Task goal: In the material below, find the span from the line with "So why do you" to the line with "Step 1: Download" and transcribe only those lines, exactly, ends included, without the pictures.

Supplied information:
——————————

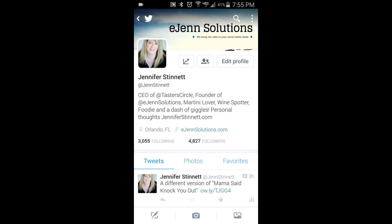Hello everyone! Here is your quick Twitter tip of the day from eGen Solutions. I know you all are using Twitter on a cell phone. For those of you who are just using desktop, this probably isn't going to help you. But for those who are using the Twitter app, I'd like to show you something.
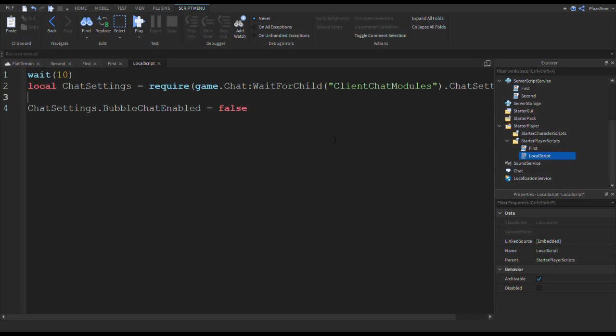So why do you want to do this? Because let's say you have a game where you spawn people into different maps. Maybe you want to turn off the bubble chat for that specific player. Since local scripts run on the player's computer, you can essentially put it in a remote function or from the server send a request to the client's computer in this local script and then activate or deactivate the bubble chat.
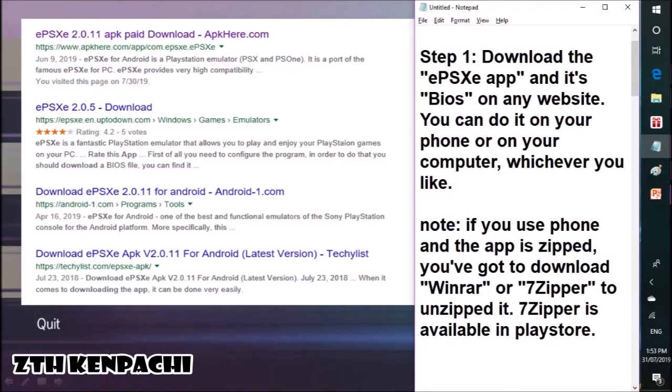Step 1: Download the app and its BIOS on any website. You can do it on your phone or on your computer, whichever you like. If you use your phone and the app is zipped, you've got to download WinRAR or 7-Zipper to unzip it. 7-Zipper is available in the Play Store.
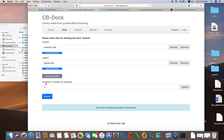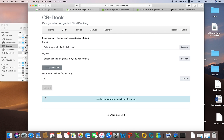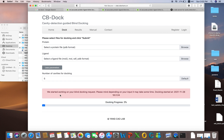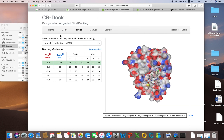This is the parameters tab. If you click here, it shows the number of cavities for docking — in how many cavities you want to dock your ligand. By default it is five; you can type 10, 15, 20, or whatever you want, but we will go with the default. After that you click Submit. The docking progress goes from 2% to 5% to 10% to 20% — it will take two to three minutes to complete.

——————————

Exercise response:
So why do you want to do this? Because let's say you have a game where you spawn people into different maps. Maybe you want to turn off the bubble chat for that specific player. Since local scripts run on the player's computer, you can essentially put it in a remote function or from the server send a request to the client's computer in this local script and then activate or deactivate the bubble chat.
Step 1: Download the app and its BIOS on any website. You can do it on your phone or on your computer, whichever you like. If you use your phone and the app is zipped, you've got to download WinRAR or 7-Zipper to unzip it. 7-Zipper is available in the Play Store.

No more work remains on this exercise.